_What you will do_
Reproduce the entries beneath exactly, without their images.

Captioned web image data
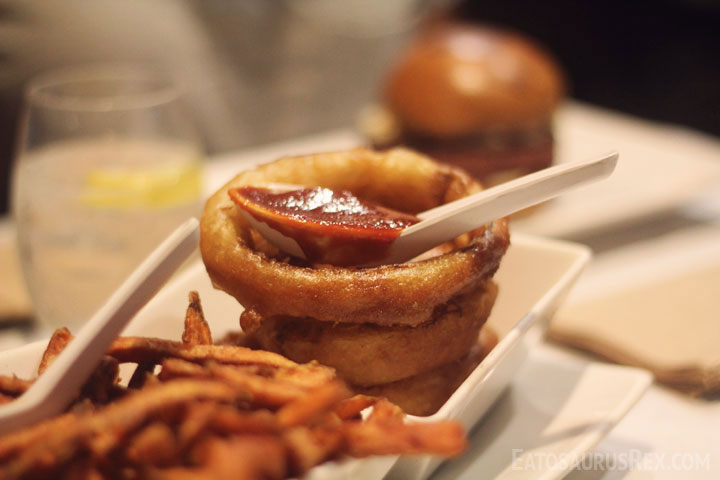 umami-burger-onion-rings.jpg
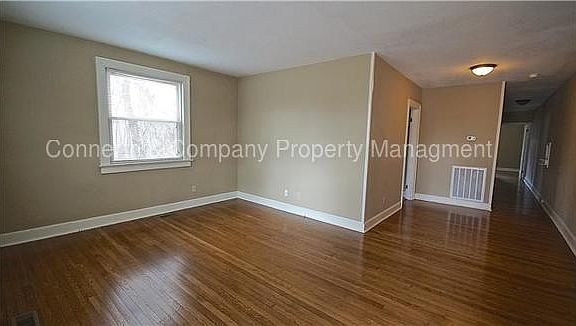 2nd image of 334 Willow Hts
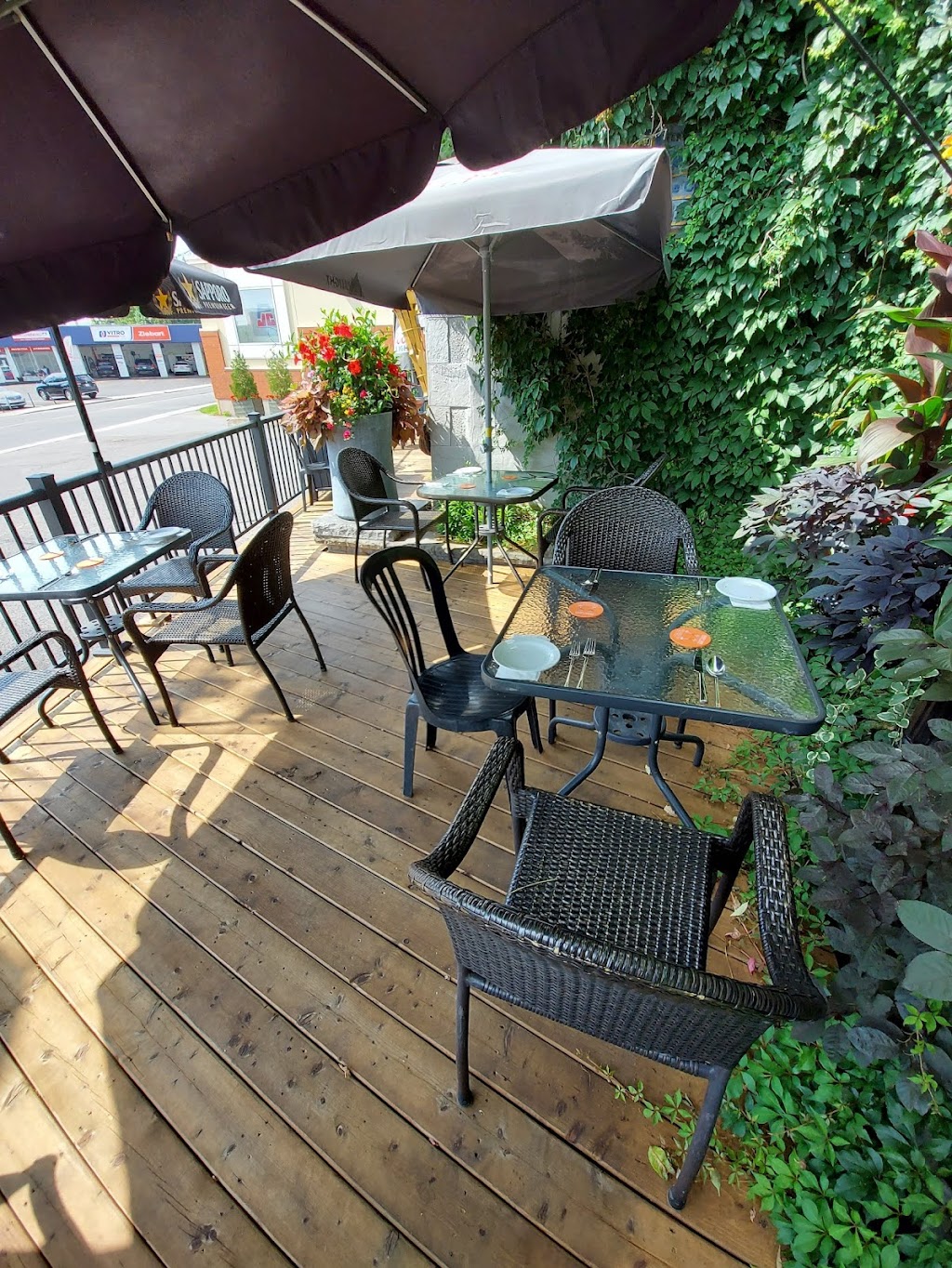 Restaurant Villa DEste | 7b Rue St Georges, Saint-Jérôme, QC J7Z 4Z1, Canada | Phone: (450) 431-1440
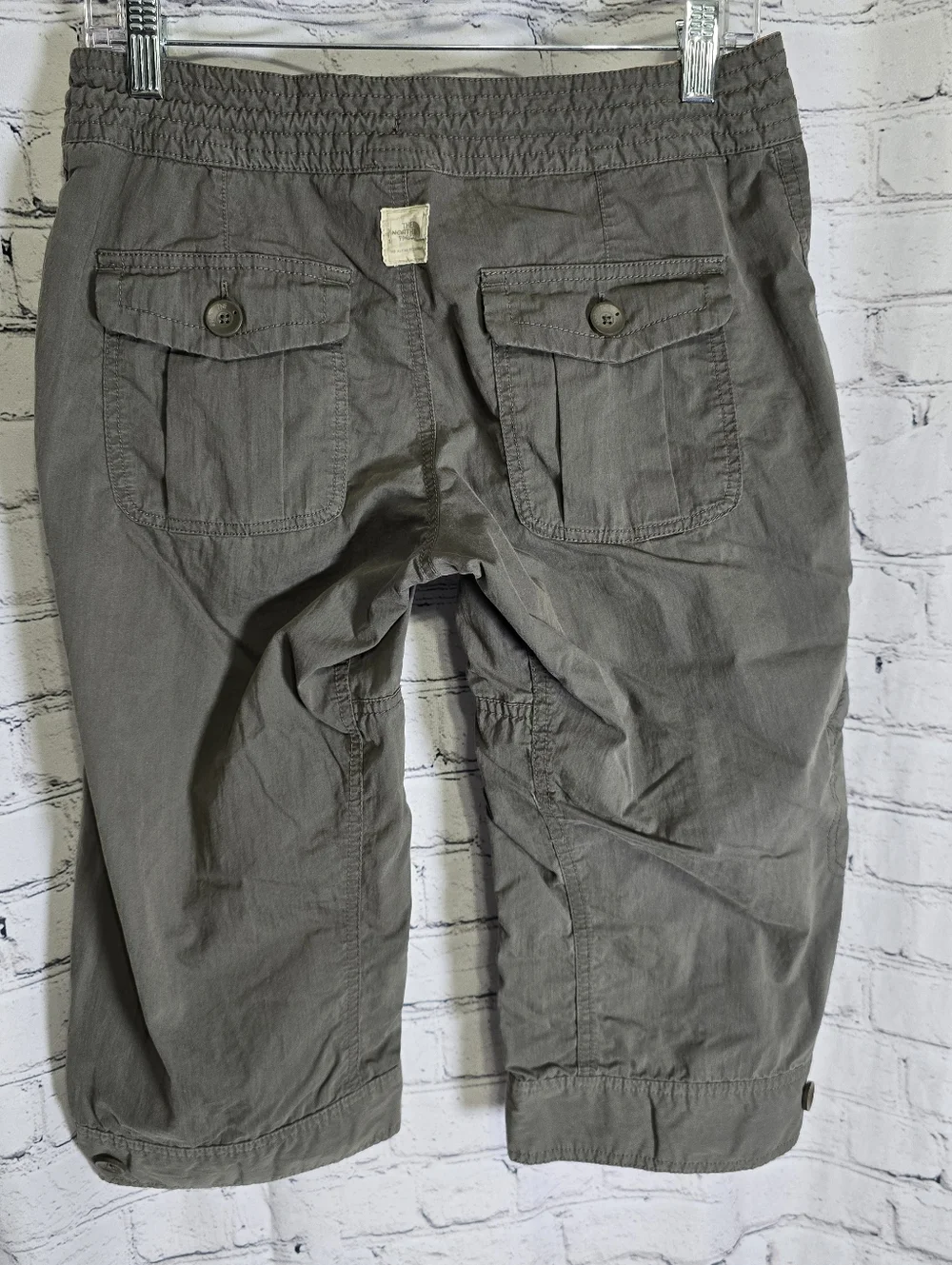 The North Face Olive Green/Gray Crop Cargo Pants Size 4‎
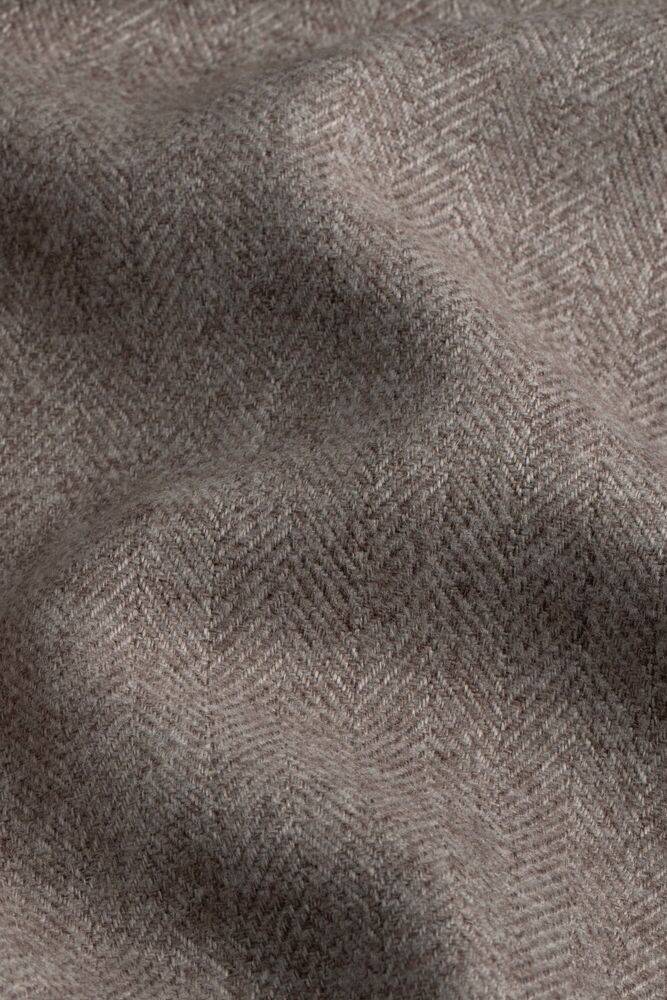 902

_Answer_
 umami-burger-onion-rings.jpg
 2nd image of 334 Willow Hts
 Restaurant Villa DEste | 7b Rue St Georges, Saint-Jérôme, QC J7Z 4Z1, Canada | Phone: (450) 431-1440
 The North Face Olive Green/Gray Crop Cargo Pants Size 4‎
 902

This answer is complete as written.